▸ **Records excerpted from a collection**
══════
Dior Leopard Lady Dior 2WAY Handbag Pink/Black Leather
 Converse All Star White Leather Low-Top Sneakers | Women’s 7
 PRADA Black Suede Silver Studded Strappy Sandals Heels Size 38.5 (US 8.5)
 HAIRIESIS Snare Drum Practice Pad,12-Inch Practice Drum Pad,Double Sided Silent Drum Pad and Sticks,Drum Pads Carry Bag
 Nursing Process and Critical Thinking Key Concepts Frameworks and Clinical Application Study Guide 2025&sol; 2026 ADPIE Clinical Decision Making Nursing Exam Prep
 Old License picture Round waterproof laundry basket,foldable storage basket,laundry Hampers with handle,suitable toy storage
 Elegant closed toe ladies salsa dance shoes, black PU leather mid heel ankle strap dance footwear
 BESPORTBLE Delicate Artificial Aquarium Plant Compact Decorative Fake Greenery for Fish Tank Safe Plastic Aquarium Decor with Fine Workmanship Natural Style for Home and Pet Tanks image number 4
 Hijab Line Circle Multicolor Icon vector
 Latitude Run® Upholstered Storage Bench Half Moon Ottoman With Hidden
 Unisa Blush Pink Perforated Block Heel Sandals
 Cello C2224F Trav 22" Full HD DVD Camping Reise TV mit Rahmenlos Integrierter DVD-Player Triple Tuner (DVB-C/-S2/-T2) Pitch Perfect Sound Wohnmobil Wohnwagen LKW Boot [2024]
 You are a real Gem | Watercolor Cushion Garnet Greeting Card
══════
▸ **Task directions**
The response should be an exact copy of all the records above.

▸ **Solution for this problem**
Dior Leopard Lady Dior 2WAY Handbag Pink/Black Leather
 Converse All Star White Leather Low-Top Sneakers | Women’s 7
 PRADA Black Suede Silver Studded Strappy Sandals Heels Size 38.5 (US 8.5)
 HAIRIESIS Snare Drum Practice Pad,12-Inch Practice Drum Pad,Double Sided Silent Drum Pad and Sticks,Drum Pads Carry Bag
 Nursing Process and Critical Thinking Key Concepts Frameworks and Clinical Application Study Guide 2025&sol; 2026 ADPIE Clinical Decision Making Nursing Exam Prep
 Old License picture Round waterproof laundry basket,foldable storage basket,laundry Hampers with handle,suitable toy storage
 Elegant closed toe ladies salsa dance shoes, black PU leather mid heel ankle strap dance footwear
 BESPORTBLE Delicate Artificial Aquarium Plant Compact Decorative Fake Greenery for Fish Tank Safe Plastic Aquarium Decor with Fine Workmanship Natural Style for Home and Pet Tanks image number 4
 Hijab Line Circle Multicolor Icon vector
 Latitude Run® Upholstered Storage Bench Half Moon Ottoman With Hidden
 Unisa Blush Pink Perforated Block Heel Sandals
 Cello C2224F Trav 22" Full HD DVD Camping Reise TV mit Rahmenlos Integrierter DVD-Player Triple Tuner (DVB-C/-S2/-T2) Pitch Perfect Sound Wohnmobil Wohnwagen LKW Boot [2024]
 You are a real Gem | Watercolor Cushion Garnet Greeting Card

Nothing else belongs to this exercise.